Standard printing specs:
-TIFF is default but they'll also print JPG and a few other formats.
-300 dpi (305 dpi for LightJet) @ canvas size.
-Lab will specify either sRGB or Adobe RGB 1998.

As for mounting, it can be done onto acid-free archival matte, but this is expensive. The preferred and generally cheaper option for a lot of people is skipping the traditional matting process altogether and opting to have the image held into the frame w/ a layer of matting spacers.


----------



## Helen B (Jul 4, 2008)

That's a fairly big subject that you have asked about. Are you thinking of doing it yourself or getting it done by someone else? Colour or B&W?

I have a general preference for inkjet prints because of the range of paper surfaces available and the greater density range when compared to light sensitive paper. 

I use the usual archival matte boards for matting, and UV-resistant glazing - either Tru-Vue Museum (glass) or Optium Museum (acrylic).
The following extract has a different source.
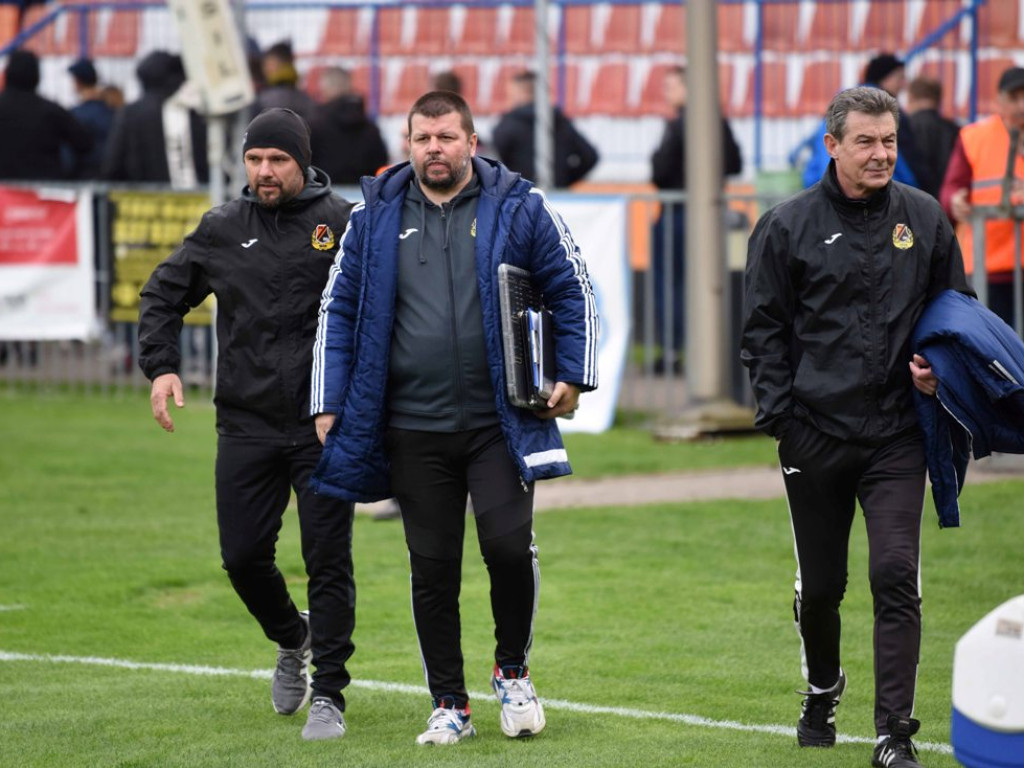 1/4 Pucharu Polski na szczeblu Świętokrzyskiego Związku Piłki Nożnej. *KSZO 1929 Ostrowiec Świętokrzyski - Korona II Kielce k. 3:2 0:0 (0:0).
These are also anti-reflective, thanks to a coating that is similar to the coating on camera lenses, albeit not so high quality.

Best,
Helen
PS A Chromira is an LED printer, not a laser printer.


----------



## Alpha (Jul 4, 2008)

Helen B said:


> PS A Chromira is an LED printer, not a laser printer.



Could you elaborate? I haven't been able to discern any significant advantages of the Chromira over the other two. The only difference I've noted is that the Chromira can only print RA4.


----------



## BusToBedlam (Aug 26, 2008)

Cozzi70 said:


> Does anyone out there have any advice on printing digital photos?  I am looking for fine art quality.  I am also interested in the preservation of the photograph as well.  Thanks!



I do much of my own printing using an Epson 4800. Printing on fine art acid free rag papers using pigment inks or on Epson's premium luster paper for a little more shine. 

For commercial services for prints I have used everything from Costco to West Coast Imaging. I think it's always important to mat prints and go with just conservation or archival rag matting from online companies like Redimat or Light Impressions sometimes. My prints are coming off a Canon 1DS and post is done in Photoshop from the RAW file.


----------